Sheriff Mike Williams speaks at a June 9, 2020, rally against police brutality.

The result of the city of Jacksonville’s “Safer Together” initiative was unveiled this week, with its final report shining light on the relationship between local law enforcement and people of color.

Former City Council President Tommy Hazouri formed “Safer Together” and appointed council members Michael Boylan and Joyce Morgan to conduct the community workshops with the help of professional civic engagement facilitators Tammy Hodo and Brian Van Brunt and JSO Director Michael Bruno. Discussions were held about policing techniques, engagement with the community, and community-oriented programs. 

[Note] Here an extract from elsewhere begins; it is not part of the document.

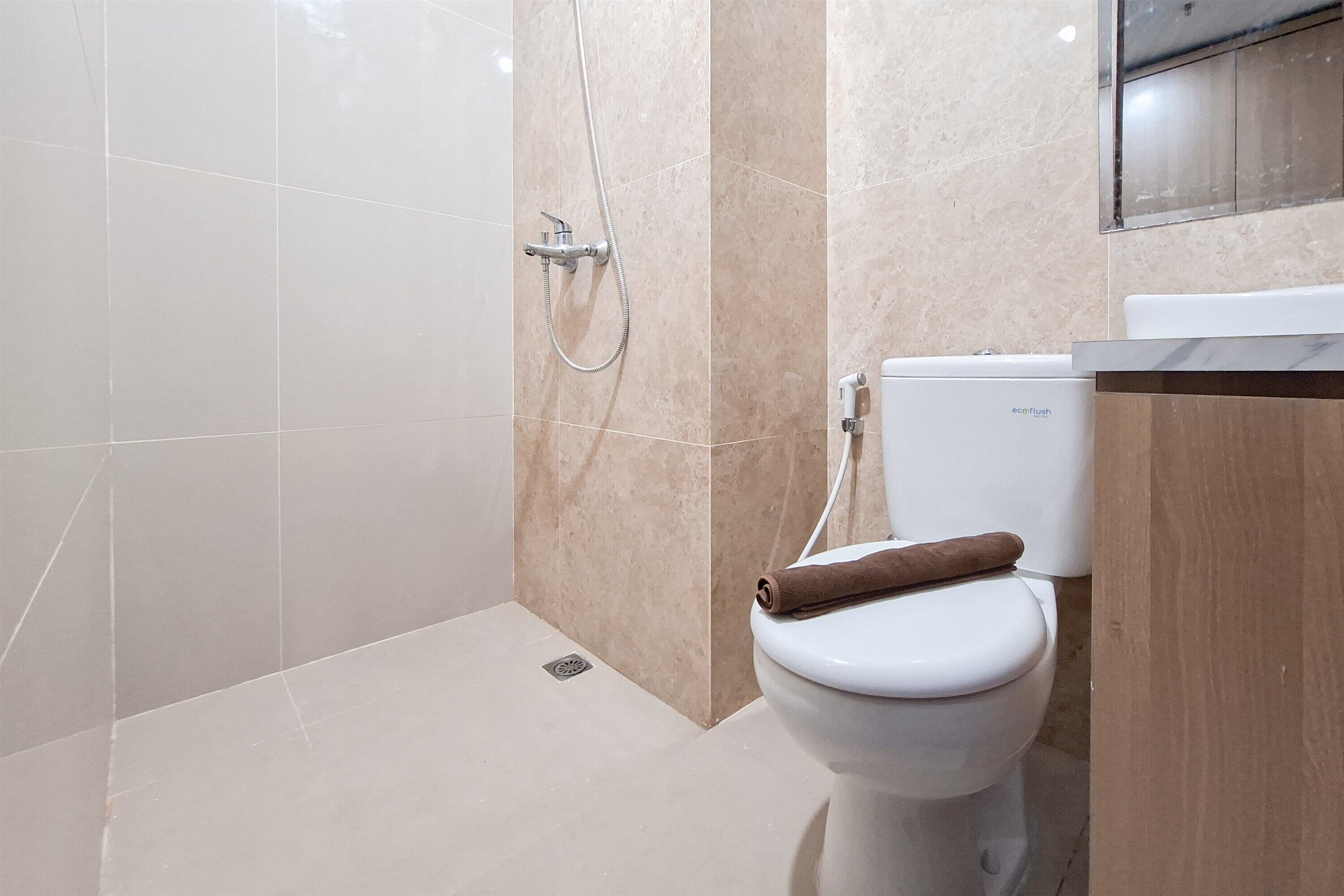 A modern bathroom with a toilet, shower, and a marble-tiled wall.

The 52-page report out this week, authored by the city’s consultant All Things Diverse, LLC found that people of color, particularly African Americans, take issue with the Jacksonville Sheriff’s Office’s “methods, equity, transparency, and discretion.” A 2020 community survey focused on JSO by the University of North Florida and cited in the report found “Black respondents indicated that their second greatest complaint was racial profiling, stereotyping, or harassing at 15%, while tying with Hispanic respondents at 13% regarding ‘unprofessional, racial profiling

and lack of action.’”


The UNF data also said that when it comes to officer-involved shootings, “Black respondents had the lowest level of trust in the JSO’s conducting investigations, with Hispanic respondents coming in closely behind at 40%. White respondents had the lowest level of concern about being victims of police brutality, while Black and Hispanic respondents had relatively high levels of concern: 60% and 45%.”

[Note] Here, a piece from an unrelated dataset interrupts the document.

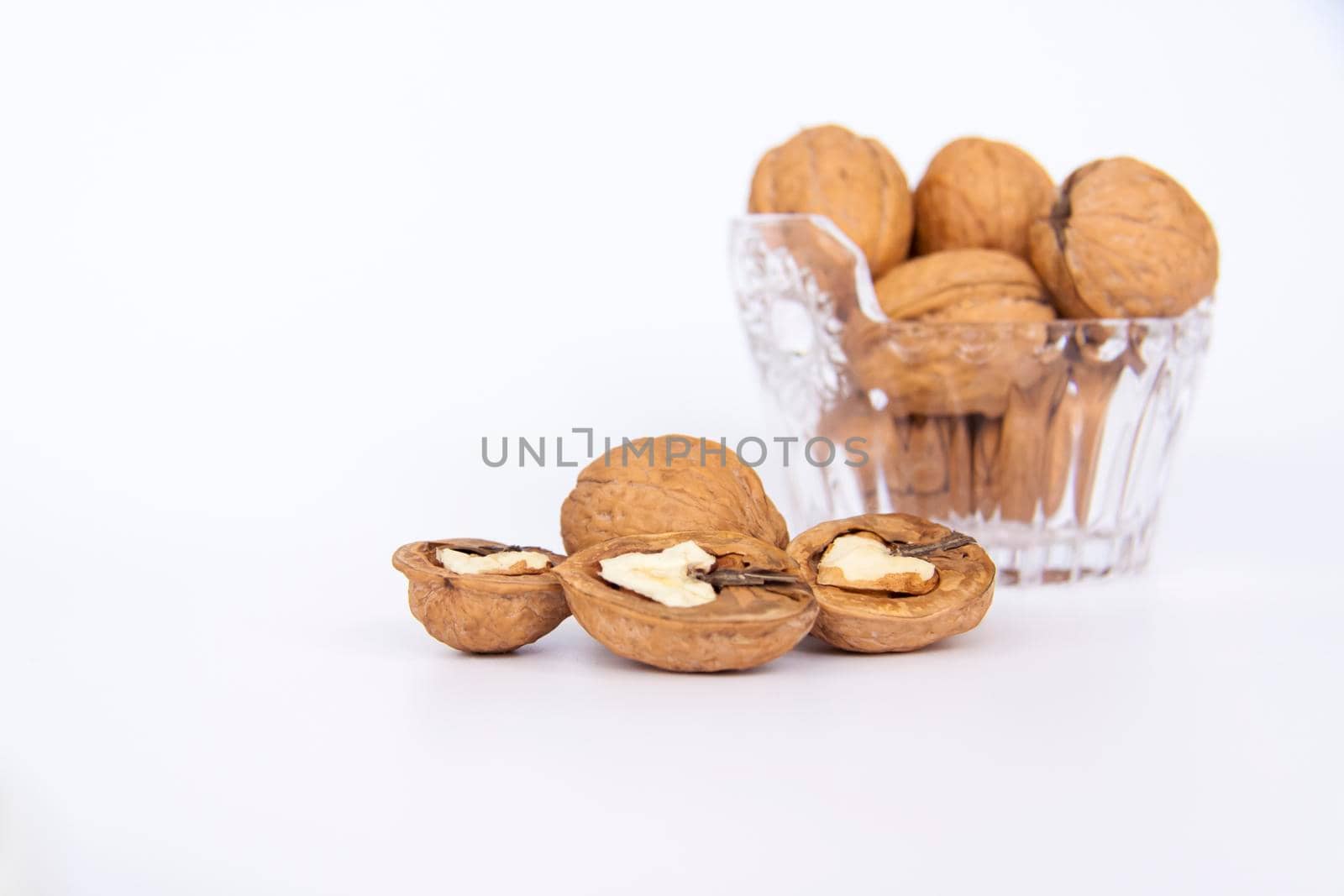 Walnuts in a shell on a white background. Healthy nuts. Walnuts.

Tammy Hodo, president of All Things Diverse, told WJCT News, “You have to create relationships with communities that lack trust. And the African American and [LatinX] community has valid reasons for their distrust.” 

Hodo praised JSO’s use of community substations, but said more needs to be done.

“I believe that they need to have a contingency plan in regards to the same people in that zone for a substantial amount of time in order to create those realistic or real relationships that need to take place in order to develop that trust and transparency,” she said.

“Building those relationships is something that has to take place. I know that policing is something that we need. And I know that, you know, the vast majority of police are good and that they're here to protect and serve,” Hodo added.

The report recommends community partnerships, more training for officers, and a citizen review board to help heal the relationship.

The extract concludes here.